You are viewing a plain text version of this content. The canonical link for it is here.
Posted to issues@drill.apache.org by "Paul Rogers (JIRA)" <ji...@apache.org> on 2016/12/18 23:55:58 UTC

[jira] [Created] (DRILL-5134) TestMergeJoinWithSchemaChanges throws exception with paged SV4

Paul Rogers created DRILL-5134:
----------------------------------

             Summary: TestMergeJoinWithSchemaChanges throws exception with paged SV4
                 Key: DRILL-5134
                 URL: https://issues.apache.org/jira/browse/DRILL-5134
             Project: Apache Drill
          Issue Type: Bug
    Affects Versions: 1.9.0
            Reporter: Paul Rogers
            Priority: Minor


The {{TestMergeJoinWithSchemaChanges}} test exercises the in-memory merge sort with union vectors. (Note that union vectors are not fully supported.)

The merge sort creates an SV4 to hold an index into the sorted results.

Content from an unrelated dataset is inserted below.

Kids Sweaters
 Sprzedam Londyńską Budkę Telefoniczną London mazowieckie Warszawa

SV4's have the ability to page results as batches to upstream.

When {{TestMergeJoinWithSchemaChanges}} is run using the "managed" external sort and union vectors, a downstream operator throws an index out of range exception. However, when run with the "classic" external sort, no such exception is thrown.

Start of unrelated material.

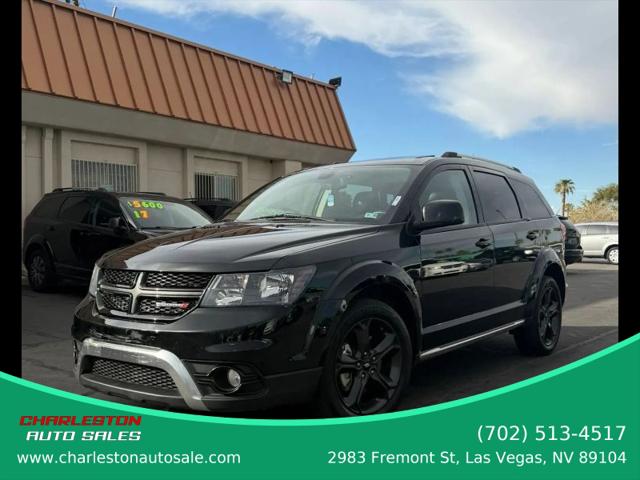 2018 Dodge Journey Crossroad for sale in Las Vegas, NV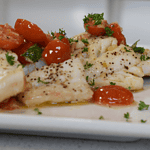 Cod Fillet Recipe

The difference is that the classic version returns all rows in a single batch, while the managed version attempted to return rows in a batch of a specified size.

The paging approach works for tests that do not include union vectors, but fails for those that do include them.

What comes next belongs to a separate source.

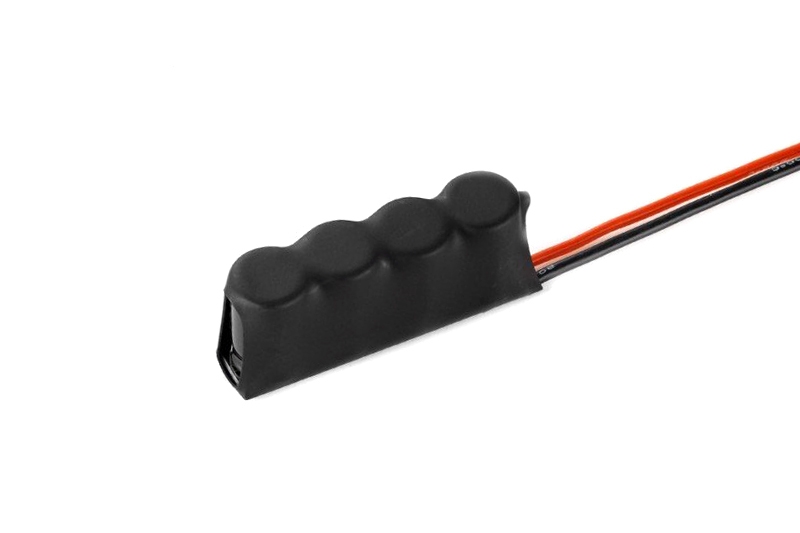 Fotografie produktu: Team Corally STD kapacitátor 470u 35V/4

Modifying the managed version to return all results in a single batch does work.

The problem with this workaround is that there will come a size beyond which sorted results cannot be returned in a single batch and paging will be necessary. The sort buffer can, for example, be set to 10G, which is too large for a single batch. Or, the sort can process more than 64K rows, which is also too large for a single batch. In those scenarios, union vectors with SV4 will fail.

Since union vectors are not supported, the workaround described above is used to get the test to pass. This ticket records the issue for a future time in which we attempt to support union vectors.



--
This message was sent by Atlassian JIRA
(v6.3.4#6332)